The team, led by Dr S.S.Vasan at CSIRO’s Australian Centre for Disease Preparedness, will be developing a rapid screening system to assess drugs already approved for other diseases for their efficacy against COVID-19.

Developing a novel screening platform

Current screening platforms have limitations, are expensive, time-consuming and are not always fully representative of how humans respond to the virus.

An innovative project from CSIRO will develop a novel screening tool to rapidly screen existing drugs and advance those that can be used to treat COVID-19 to phase 2-3 clinical trials.

The scientists will use four types of clinically-relevant human tissues – lower respiratory tract, lung, neural and cardiac tissues – specifically selected based on how SARS-CoV-2 infects people.

They will derive some of these tissues from stem cells – special type of human cells that can be developed into different cell types.

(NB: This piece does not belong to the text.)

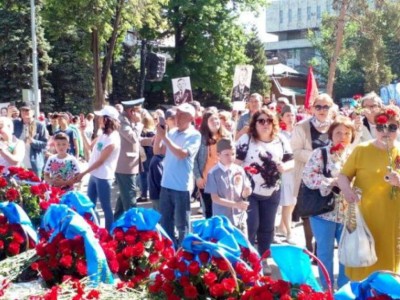 
                    Марш к 9 Мая в Алматы пройдет в онлайн-формате
                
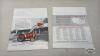 7 PCS INTERNATIONAL SALES BROCHURES - 7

The project will screen the three promising candidates that can then be advanced to human clinical trials.

The team will use novel systems biology (a biomedical approach to understand the bigger picture) and machine learning methods to differentiate between healthy and diseased states of key human tissues, which will enable additional ways to determine if a drug is able to reliably restore a diseased tissue to a healthier state.

The project aims to have evaluated three TGA- or FDA-approved drug candidates for suitability to progress to phase 2-3 human clinical trials, within the next year.

The project called the ‘sySTEMs initiative’, including collaborators from Barwon Health and the University of NSW, received $998,355.93 from the Australian Government’s Medical Research Future Fund (MRFF) matched by $736,000 from CSIRO.